A la suite d'un débat sur le marxisme à la télévision
espagnole, à Madrid, auquel participait le Secrétaire général
du Parti communiste espagnol, le Maire de Madrid, un ancien
ministre de Franco, et deux français : Bernard-Henri Lévy
et moi-même, je dis à Bernard-Henri Lévy : « Ici, l'on n'avait
vraiment pas besoin de toi pour répéter, une fois de plus, à
la télévision espagnole ce que les "franquistes" y ont rabâché
pendant quarante ans sur "le marxisme" ! »
Encore tout échauffé par ses invectives contre ce qu'il
appelait « le marxisme », sa réponse fut d'une spontanéité
charmante : « Je vais te casser la gueule ! » Sur quoi je lui
fis observer que c'était là la logique irréprochable de l'idéologie
dont il venait, devant les caméras, de prendre la succession.
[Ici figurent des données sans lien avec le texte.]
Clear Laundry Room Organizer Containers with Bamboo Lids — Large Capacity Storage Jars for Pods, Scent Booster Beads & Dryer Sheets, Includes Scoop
Le plus drôle est que ce soit l'ancien ministre de Franco qui
se soit le premier interposé !
Le groupe de Bernard-Henri Lévy fut en général utilisé
à des tâches plus subtiles : le marché commun de l'anticommunisme
étant déjà saturé, ils trouvèrent leur « créneau »
dans l'attribution à Marx lui-même de toutes les perversions
ultérieures de sa doctrine (à la manière dont les anticléricaux
d'autrefois exploitaient Franco, la Sainte-Alliance, l'Inquisition,
ou même les Croisades, pour disqualifier Jésus !).
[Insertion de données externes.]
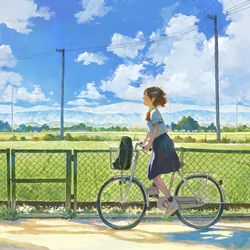 This is a pixiv picture whose title is 夏を追う.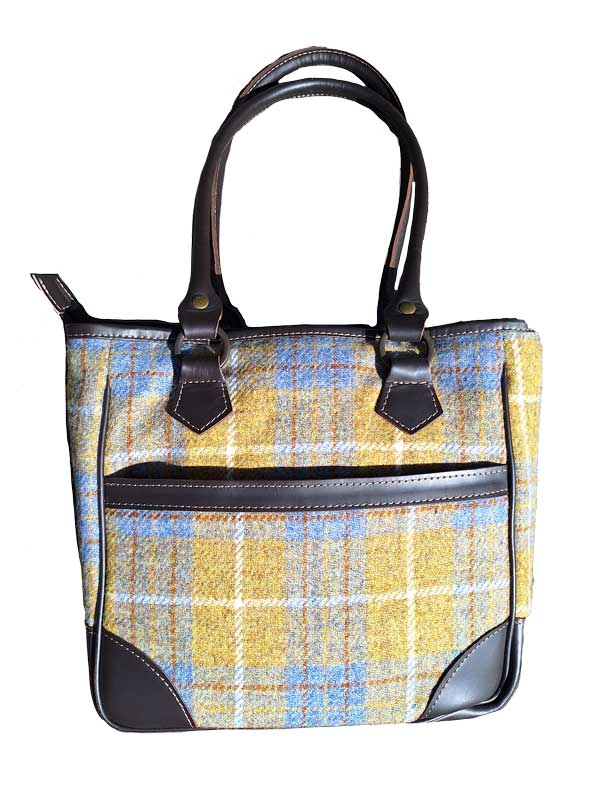 Harris Tweed Shire Henkeltasche – Gelb-Blau Kariert – Bild 2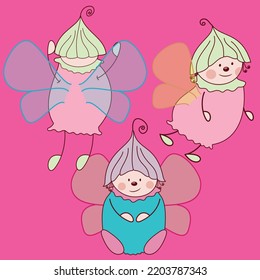 illustration vector cute fairy with friends, pink background. fashion design.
Le thème majeur, sur lequel ils brodaient leurs variations,
était : « Marx, c'est le goulag ». Il s'agit de créer un réflexe
conditionné : tout comme le chien de Pavlov se mettait à baver
en entendant la sonnerie annonçant son repas, il faut que
chaque fois que l'on entend : « Marx », on pense : « goulag ».
Prenant pour leur Évangile L'ARCHIPEL DU GOULAG
de Soljénitsyne, les trois cautions du groupe : Jean-Marie
Benoist venant de l'extrême-droite, Gluksmann cherchant à
se donner pour un homme de gauche, et Maurice Clavel tombé
du ciel providentiellement, donnent le ton :
Benoist avait déjà proclamé péremptoirement : « Marx
est mort ».
Glucksmann, exégète passionné et infatigable de Soljenytsine,
est ainsi résumé par Bernard-Henri Lévy : « Les camps
s'avouent marxistes, aussi marxistes qu'Auschwitz était
nazi. » (Pourquoi, dans cette démarche de « pensée », ne
pas attribuer Auschwitz à Kant ou à Nietzsche ?)
Enfin Maurice Clavel, plus candide, va droit au but. Il écrit,
dans le « Nouvel Observateur » : « Gluksmann et moi nous
nous complétons : je déduis le Goulag de Marx, il remonte
du Goulag à Marx ! »
Il ne reste plus, à travers les vaticinations de ces spécialistes
de l'obscurantisme oraculaire, enrobant dans la fumée de
rébellions purement verbales l'option qui découle de leurs
écrits : notre monde « occidental », ou bien le Goulag ! qu'à
servir toutes les formes de politique garantes de l'ordre établi.
De là, tous les thèmes politiques de nos « nouveaux
philosophes ». Il ne suffit pas de crachoter sur Marx, à la
manière de la soubrette de service, fouillant dans les poubelles
de la petite histoire, pour écrire un : KARL MARX.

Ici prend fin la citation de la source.